The UK boasts some of the world’s most stunning beaches and to save you scouring every coastline, we’ve rounded up the very best for the summer ahead. Sit back, relax and take a peek at what we consider to be some of the most stunning beaches England has on offer. We’ve also added lists of campsites local to the beaches where you can pitch up and fall asleep to the surf!
Charmouth Beach, Devon
Charmouth beach is an ideal family beach with a mix of sand and pebbles, clean sea and safe swimming. Fossils abound thanks to the winter month’s rough seas and there are even regular guided fossil walks from February to September – tides permitting! The beach is divided into two by the mouth of the River Char which is quite often dammed by the beach forming a fabulous lagoon, perfect for boating or watching the wild birds. No dogs allowed between 1st May and 30th September.
Hive Beach, Dorset
Stretching for over a mile and surrounded by towering cliffs as well as farmland, the beach is very easily accessible. It is a shelving, shingle beach with breath taking views right round to the east Devon coast. No lifeguard onsite at this beach, although it does offer wonderful water quality. Great beach for fishing and more of those Dorset fossils.
Durdle Door, Dorset
Famous for the Durdle Door Arch, this magnificent limestone arch was formed when the power of the waves eroded the rock, forging a hole through the middle. The arch protects the eastern area of the beach and the whole beach is recommended by the Marine Conservation Society for excellent water quality.
The beach also allows dogs, making it ideal for pet owners.

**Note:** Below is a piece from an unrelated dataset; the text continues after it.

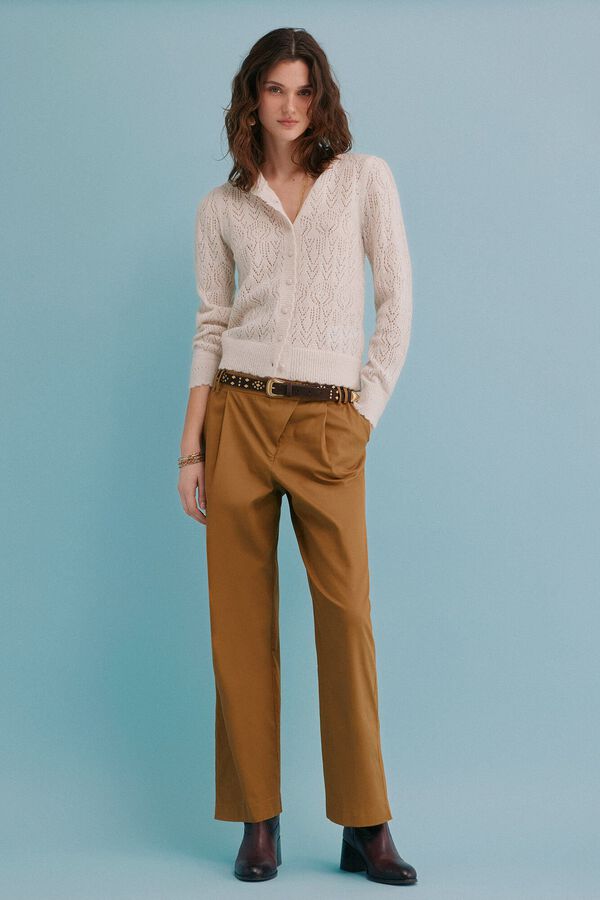 Hoss Intropia Inma. C&aacute;rdigan calado Beige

Several music videos and have been made at Durdle Door plus it has featured in a number of films including Wilde and Nanny McPhee. Travel back in time to 1984 and have a go at spotting it in Billy Ocean’s Loverboy video:
Crackington Haven Beach
Crackington is a pretty sand and shingle cove located on the North Cornish coast just a few miles south of Bude and surrounded by the towering steep cliffs of Pencannow. The beach itself is a quiet spot, sheltered thanks to the cliffs and is in our opinion a real gem! There’s a lovely stretch of golden sand at low tide and an abundance of rock pools jam-packed with all sorts of amazing creatures so don’t forget your net! The beach is monitored during the summer months, with no dogs allowed from Easter to October.
Widemouth Bay, Cornwall
Widemouth Bay is a wide expanse of open sand that stretches for almost 2 miles with a genuinely wild feel to it. Technically, it's divided into two beaches - North Beach and South Beach (also called Black Rock) by a natural barrier of rock. It’s a surfer’s paradise and there’s no shortage of marine life in the rock pools at low tide. If you're bringing your four-legged friend, head for the southern end - dogs are welcome all year round on Black Rock beach. The beach itself is owned by The National Trust, with a car park conveniently found within 10 minutes’ walk.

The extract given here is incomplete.